また、アフターフォローを行う際に、対応できない施術の修正や後遺症などが発生した場合、連携している医療機関があるか尋ねたところ、35.7%が「ない」と回答しました。
一方、トラブルを経験した患者のうち18.7%の人は、「施術を受けた後、早期に再施術や治療が必要な状況に陥った」と回答しています。
具体的な症状を複数回答で聞いたところ
▽「熱傷」が25%で最も多く
次いで
▽「重度の形態異常」が23.2%
▽「皮膚のえ死・潰瘍」が22.3%となったほか
▽「消化器障害」が3.6%
▽「骨折」や「出血多量」が2.7%などとなっています。
厚生労働省の検討会は去年、報告書をまとめ、合併症や後遺症が起きた時に、クリニックが対応できない、あるいは、対応を拒絶したり、ほかの病院の紹介も行わないといった事例が見られると指摘しました。
検討会は患者が急変した時の体制や仕組みが十分でないとして、美容クリニックなどに対応を強化するよう求めています。

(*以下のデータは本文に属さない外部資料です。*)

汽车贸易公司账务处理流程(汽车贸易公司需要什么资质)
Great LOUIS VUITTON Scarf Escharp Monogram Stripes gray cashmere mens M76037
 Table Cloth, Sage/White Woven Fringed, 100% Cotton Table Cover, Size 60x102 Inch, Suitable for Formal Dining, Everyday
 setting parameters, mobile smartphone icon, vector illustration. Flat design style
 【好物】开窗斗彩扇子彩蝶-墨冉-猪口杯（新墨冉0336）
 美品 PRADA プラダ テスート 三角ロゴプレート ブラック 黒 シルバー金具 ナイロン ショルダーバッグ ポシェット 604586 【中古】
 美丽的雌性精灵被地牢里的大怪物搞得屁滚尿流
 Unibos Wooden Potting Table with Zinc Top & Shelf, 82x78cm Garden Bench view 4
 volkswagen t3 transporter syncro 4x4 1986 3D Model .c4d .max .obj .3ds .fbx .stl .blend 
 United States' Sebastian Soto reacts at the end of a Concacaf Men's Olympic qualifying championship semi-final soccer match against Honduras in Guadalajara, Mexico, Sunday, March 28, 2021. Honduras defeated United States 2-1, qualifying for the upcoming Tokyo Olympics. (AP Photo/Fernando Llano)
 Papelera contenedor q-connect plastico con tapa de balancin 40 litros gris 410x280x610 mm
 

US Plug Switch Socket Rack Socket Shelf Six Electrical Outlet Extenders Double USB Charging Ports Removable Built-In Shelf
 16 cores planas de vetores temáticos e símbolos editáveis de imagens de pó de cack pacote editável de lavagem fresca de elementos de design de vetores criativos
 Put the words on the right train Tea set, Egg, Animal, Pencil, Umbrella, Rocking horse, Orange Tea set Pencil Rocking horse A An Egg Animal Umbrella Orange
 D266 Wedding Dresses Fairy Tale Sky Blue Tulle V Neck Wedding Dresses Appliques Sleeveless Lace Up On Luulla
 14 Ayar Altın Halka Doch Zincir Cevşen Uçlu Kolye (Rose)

具体的には、合併症などの問題が起きた時、患者が相談できる連絡先を毎年、都道府県などに報告し、行政側がそのリストを公表することも検討すべきだとしています。
また、緊急手術を担ってもらう病院と、事前に合意を交わしておくなどの連携を進め、関係学会にはその具体的な対応方法をまとめたガイドラインを策定するよう求めています。
国は今後、報告書の内容を反映した医療法の改正を目指すことにしています。